Recent bouts of wild weather have played havoc with millions of travellers, leaving them stuck for hours or even days in airports throughout Canada, the US, and abroad—where they have had nothing to do but scrounge for sleeping space and agonize over lost hotel deposits, missed connections, and other prepaid vacation fees.
Of course there is nothing you can do about the weather, especially in Canada in January, but if you bought travel and/or trip cancellation insurance, you can certainly minimize your losses.
Many travel insurance policies sold in Canada have built-in trip cancellation/interruption benefits to supplement their emergency health benefits. Some sell trip cancellation policies separately. But since no two policies are exactly the same, you need to familiarize yourself not only with each plan’s benefits, but with its limitations and exclusions.
The Travel Underwriters Freedom Trip Cancellation/Trip Interruption plan covers “Delay of a connecting common carrier due to weather conditions, earthquakes, volcanic eruptions,” and losses due to other situations.
The TIC Trip Cancellation & Interruption plan covers losses due to “Adverse weather, volcanic eruptions, or a natural disaster which would prevent you from travelling for a period not less than 30% of the total duration of the insured trip when you choose not to continue with the trip prior to departure from the point of origin.” What that means in plain language is that if the “adverse event” interrupts 30 per cent or more of your trip, your losses will be covered. If it interrupts less than 30 per cent, there will be no coverage benefit.
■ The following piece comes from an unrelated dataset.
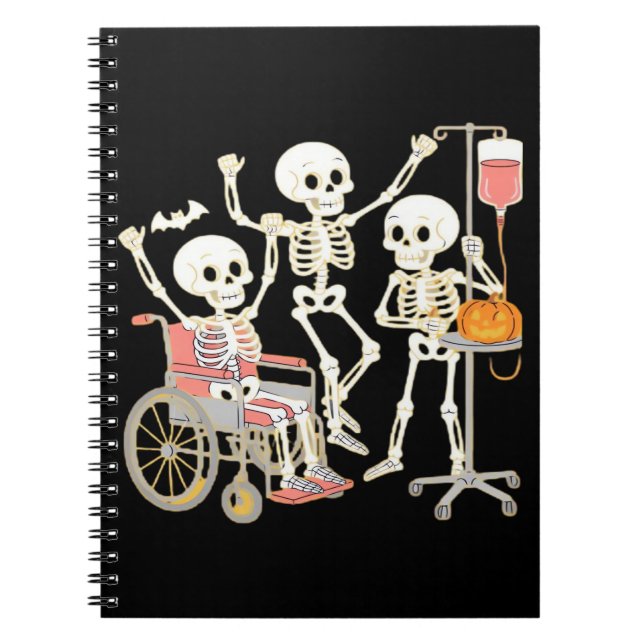 Cuaderno Nurse Skeleton Funny Halloween Healthcare Essentia (Frente)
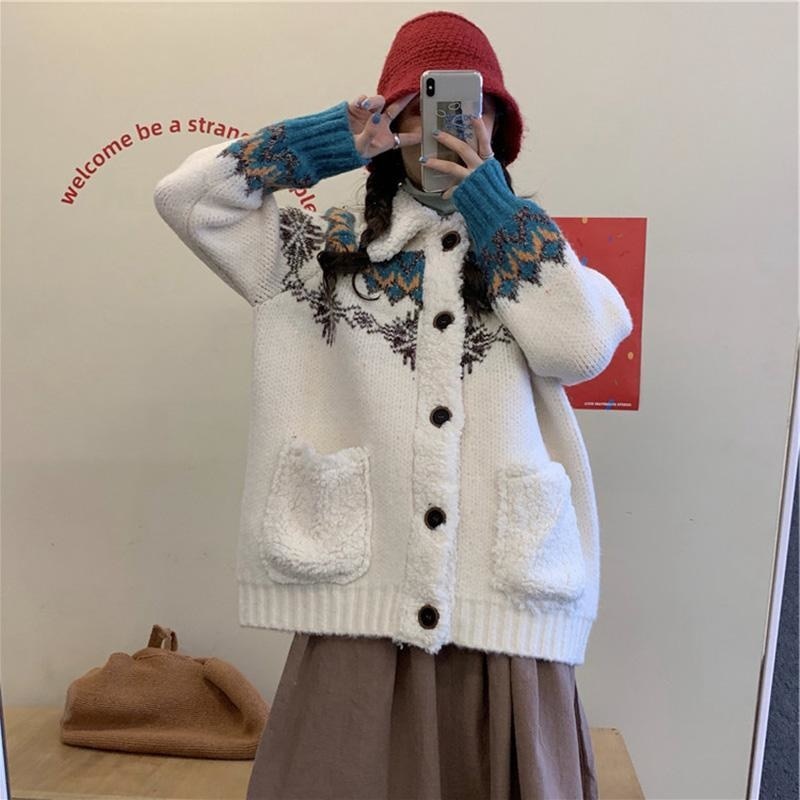 Thickened New Lamb Knitted Coat Red Christmas Sweater Women's Autumn Winter Vintage Coat Lapel Furry Jacket Sweet Girl Festival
The Travel Underwriters Freedom plan uses the same 30 per cent threshold. So do several other insurers. Most trip cancellation plans may also cover reasonable allowances for hotel rooms, meals, and other incidental costs should you be stranded or delayed by adverse events, but only up to limits specified in the policies. Make sure you are aware of those limitations before you book a room at the Four Seasons or the Ritz.
Also, most trip cancellation policies will not cover losses from any event that you knew might prevent you from travelling when you applied for coverage. For example, if you were planning to travel to Florida in September, the height of hurricane season, and you booked a room at a resort directly in the path of the storm, you would likely not be covered.
Trip cancellation/interruption insurance is becoming increasingly popular, but you must read the policy carefully or discuss it with a travel insurance professional. And remember that benefits are designed to cover only payments and fees you have already paid out, and only up to certain limits. Trip cancellation is designed to mitigate your monetary losses—not to replace the joys and aspirations of your dream trip.